Here’s a brief recap of what happened in January:
- Switzerland’s decision to send the franc into a free float triggered speculation Denmark would do the same and abandon its euro peg
- The Danish central bank responded over the following weeks by cutting its deposit rate to minus 0.75 percent and building up record foreign currency reserves
- The Danes then applied their own version of quantitative easing, suspending bond issuance to cut supply and drive down long yields, all in an effort to keep speculators out
The result was a plunge in Danish government bond volumes that arrived just as global investors started to panic about liquidity.
Adding to pressure on the debt office is Denmark’s announcement last month that it will need to borrow about 6 percent more from markets than it had previously estimated. It’s against that backdrop that institutional investors need to show support, PFA said.
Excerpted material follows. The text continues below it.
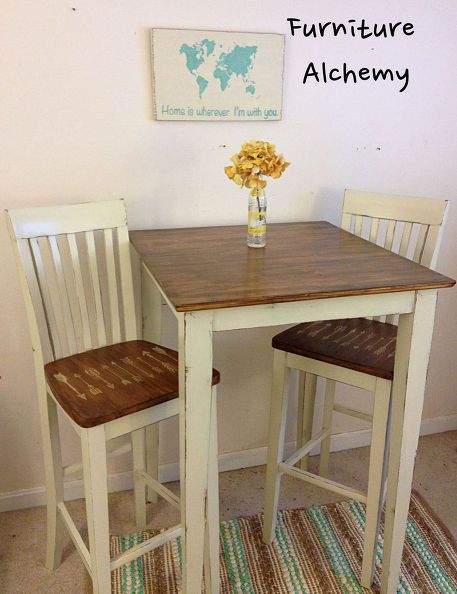 Farmhouse Chic Breakfast Table | Pub table and chairs, Small .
“We think it’s extremely important that the insurance and pension industry take on responsibility to help rebuild liquidity,” Lage said.
But eight months is a long time and the risk is that a number of investors will simply have turned elsewhere to plug the gap once filled by Denmark’s bonds. Even Lage acknowledges that investors will “reconsider” whether the debt “can be used as part of your fund’s liquid reserves.”
“Liquidity is obviously important” Lage said. But staying away would only exacerbate the risks, he said.
“If the government bond market is illiquid, it spills over to the derivative market and then that illiquidity can move over to the mortgage bond market,” he said. “So there’s a risk of contagion which we all have a mutual interest in preventing.”
In Wednesday’s auction, the debt office will offer its 10-year benchmark, the 1.75 percent note due 2025, as well as its 2.5 percent bond due 2016.
The office doesn’t reveal targets for individual auctions, but has said it will issue 100 billion kroner ($15 billion) in bonds through 2016. Nordea says that isn’t enough to provide the buffer Denmark’s government has traditionally operated with, and predicts the debt office will need to raise its issuance goal for next year by about 25 billion kroner.
Lars Mayland Nielsen, head of the debt office, declined to comment on the sales target. When asked how investors’ liquidity concerns will be handled, he said “the debt office has been in an ongoing dialogue with the market,” in an e-mail.